[Dspace-tech] Long Delay in doing Submit - Part 2

2008-02-15 Thread George Kozak
Hi...
Back in January, I wrote to the list about a problem we are having 
(at Cornell) with DSpace after we migrated from v. 1.3.2 to v. 1.4.2.

Basically, if someone logs into DSpace by clicking on My DSpace and 
then clicks on the Start a New Submission button, there can be a 
delay from anywhere from 30 seconds to several minutes before the 
Submit: Choose Collection screen appears.  Clicking on the Start a 
New Submission button in My DSpace can run the CPU usage up over 
40%.  This doesn't happen if one goes directly to the Collection to 
which he or she is authorized to submit and clicks on the Submit to 
this Collection button there.

Randall Floyd of Indiana University thought that this might be a 
cleanup program in PostGreSQL, but I run vaccumdb nightly and do a 
re-index daily.

Claudia Jurgen of TU Dortmund suggested that this may be the result 
of a complicated Community/SubCommunity/Collection structure (we have 
118 Communities/Sub-Communities and 359 Collections).

I have been looking at alternatives.  I have put a message on the My 
DSpace main page telling people to go to the collection they want to 
submit to and click on the Submit to this Collection button there, 
but (as you can imagine) most people aren't doing that, and I am 
beginning to receive complaints from our users.

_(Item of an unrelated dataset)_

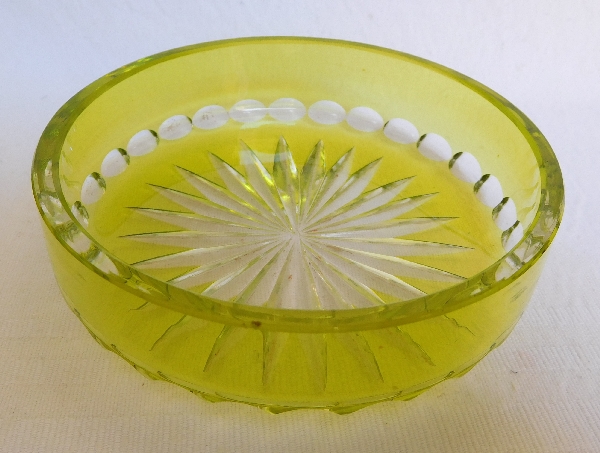 Antique French Baccarat crystal powder box, light green overlay crystal, Douai pattern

Is anyone else having this problem?

Does anyone have any ideas as to what I can do to make this a little 
bit better?   Thank you!

(PS.  I am running a SunFire-480-R with 4GB of memory and 8GB of swap 
space.  I am running PostGreSQL 7.2.3 and Tomcat 4.0.6.)

***
George Kozak
Digital Library Specialist
Library Systems
501 Olin Library
Cornell University
607-255-8924
***
[EMAIL PROTECTED]  


-
This SF.net email is sponsored by: Microsoft
Defy all challenges. Microsoft(R) Visual Studio 2008.
http://clk.atdmt.com/MRT/go/vse012070mrt/direct/01/
___
DSpace-tech mailing list
DSpace-tech@lists.sourceforge.net
https://lists.sourceforge.net/lists/listinfo/dspace-tech


Re: [Dspace-tech] Long Delay in doing Submit - Part 2

2008-02-15 Thread Desmond Elliott
I hypothesise that retrieving the ResourcePolicy for each of the 359 
Collections and then determining if a user is a member of the Group 
associated with the Collection is why there is a long delay in 
submissions from the MyDSpace interface.

George could insert log.info() method calls into the SubmitServlet.java 
file at line 306, and after line 309, and re-compile and re-deploy. 
These calls would log the time of the start and the end of the operation 
for users who are / are not administrators to attempt to help determine 
if this is the reason for long delays. If this proves there is an 
objective difference in the time then the log methods can be moved 
closer to the end of the call tree to determine exactly where most 
computation occurs.

The SubmitServlet adds a Collection[] to the select-collection step of 
the submission process [-1] line 308.

This Collection[] is created through a call to the 
Collection.findAuthorized(context) static method [0] line 1150.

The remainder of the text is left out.